If you know you need to go to the gym, you are more likely to go to one with a friend that invites you to come with them, or where a friend shares how everyone there is friendly and supportive, and that they love going and how it is changing their lives? If you want to get in shape, but you’ve never been to a gym before and you aren’t sure about how the equipment works, or what clothes to wear, or what the “unwritten rules” are…you aren’t likely to just show up, and if you do, you are going to be nervous and ready to retreat and never return if anything goes awry or even is slightly awkward.
But what about the Thomases? The ones who came and saw, and then something went wrong and they just couldn’t grasp that God was able to resurrect? Church, we are the Body of Christ. For those who have experienced loss and grief and are not able to hope or believe, those of us who have experienced resurrection have to hold out our hands, to be honest about our wounds and witness to the ways that God has used them for good. That’s what Paul is saying in the passage that Elizabeth read this morning in Romans, “We know that in all things God works together with those who love him to bring about what is good.”
Over and over again, in life and in ministry, I have seen the Body of Christ offer witness to resurrection. It comes in the form of a cancer survivor reaching out to a newly diagnosed fighter and offering their experience, hope, and care.
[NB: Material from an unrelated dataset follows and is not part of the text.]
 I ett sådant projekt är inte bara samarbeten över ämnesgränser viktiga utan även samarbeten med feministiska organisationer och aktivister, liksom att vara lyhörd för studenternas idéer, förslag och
It comes as a family faces the decision to bring in hospice care and someone who has walked that journey comes to visit. It comes as a parent struggles with a situation with their child and another parent who has been there listens with empathy. Wounds and hope shared, the Body of Christ witnesses to God’s power to bring resurrection even in our lives. Notice that Jesus didn’t come to Thomas alone. Episcopal priest The Rev. Danáe Ashley points out that “We cannot heal alone. We must have a circle of witness to our wounds, in order to transform our pain instead of transmitting it. Jesus is our example of this.” For those wrestling with faith, sometimes, you just have to see to believe. Friends, we all have wounds. It is up to us whether or not we will let them be resurrected in community and let God use them for good. It is vulnerable to hold out your hands, to let your wounds be touched; and it is holy and Christ-like. Amen.